Scientists discover superbug’s rapid path to vancomycin resistance

Scientists have discovered how the hospital superbug C. diff rapidly evolves vancomycin resistance – the frontline drug used for treatment in the UK.

Clostridioides difficile (C. diff), a type of bacteria which often affects people who have taken antibiotics, is responsible for approximately 2,000 deaths annually in the UK.

Researchers from the University of Sheffield and the University of Manchester have found that C. diff is able to evolve high levels of vancomycin resistance very quickly—in less than two months, the bacteria could tolerate 32 times the normally effective antibiotic concentration.

The hidden dangers of vancomycin resistance

Currently, the antibiotics used to treat C. diff damage beneficial gut bacteria, leading to a high reinfection rate—up to 30% of patients treated with vancomycin experience a second infection within weeks, with the likelihood of further relapses increasing thereafter.

Despite vancomycin’s critical role within UK healthcare, routine monitoring for resistance in clinical settings is lacking, so resistance may be emerging under the radar in hospitals.

If widespread vancomycin resistance were to arise, this critical treatment option would be removed from UK healthcare settings.

The World Health Organization (WHO) has identified antimicrobial resistance (AMR) as one of the top global public health and development threats. It is estimated that bacterial AMR was directly responsible for 1.27 million global deaths in 2019 and contributed to 4.95 million deaths.

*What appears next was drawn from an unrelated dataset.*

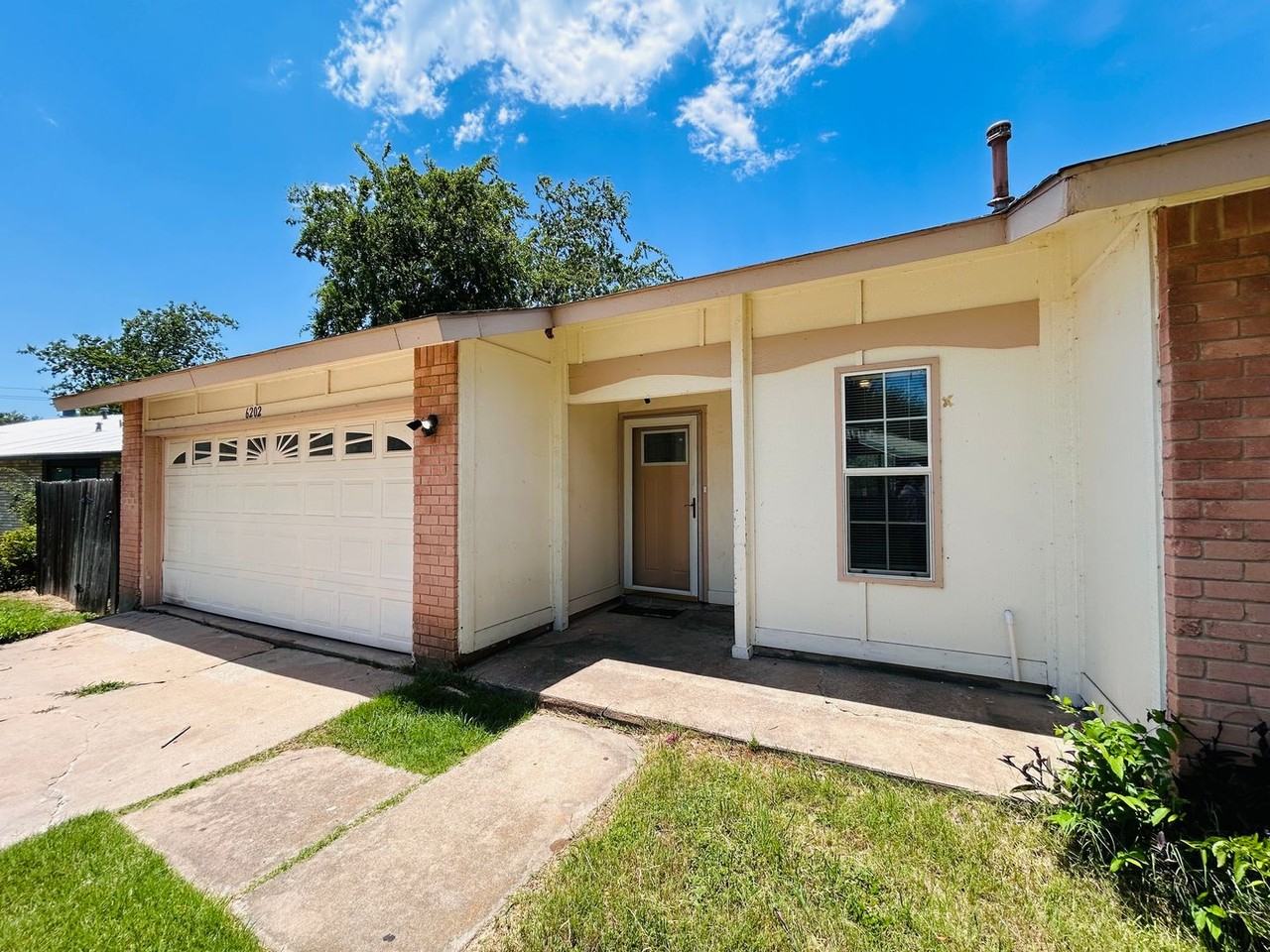 6202 Libyan Dr - Photo 3 of 26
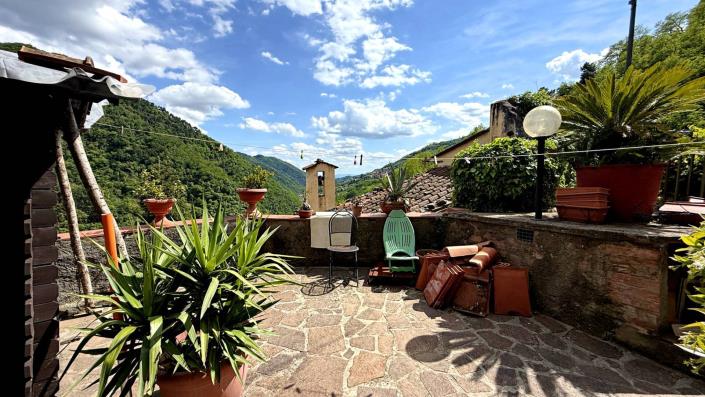 Image No.51-2 Bed Semi-Detached for sale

Close monitoring is required

Jessica Buddle, PhD student at the University of Sheffield and lead author of the study, explained: “Our findings highlight the need for vigilant monitoring of vancomycin resistance in UK hospitals. Unchecked resistance could contribute to the large number of patients who have a relapsing infection after successful treatment with vancomycin.

“More research is essential to inform healthcare policy and determine if vancomycin remains the best treatment option.”

She added: “Our ongoing work aims to understand the extent and mechanisms of resistance development, simulate these conditions within the complex human gut ecosystem, and collaborate with UK epidemiologists to identify potential resistance signatures in hospitals.

“These efforts are crucial to prevent a future where antibiotics are no longer a viable option for treating bacterial infections and infections that are readily treatable today become life-threatening once again.”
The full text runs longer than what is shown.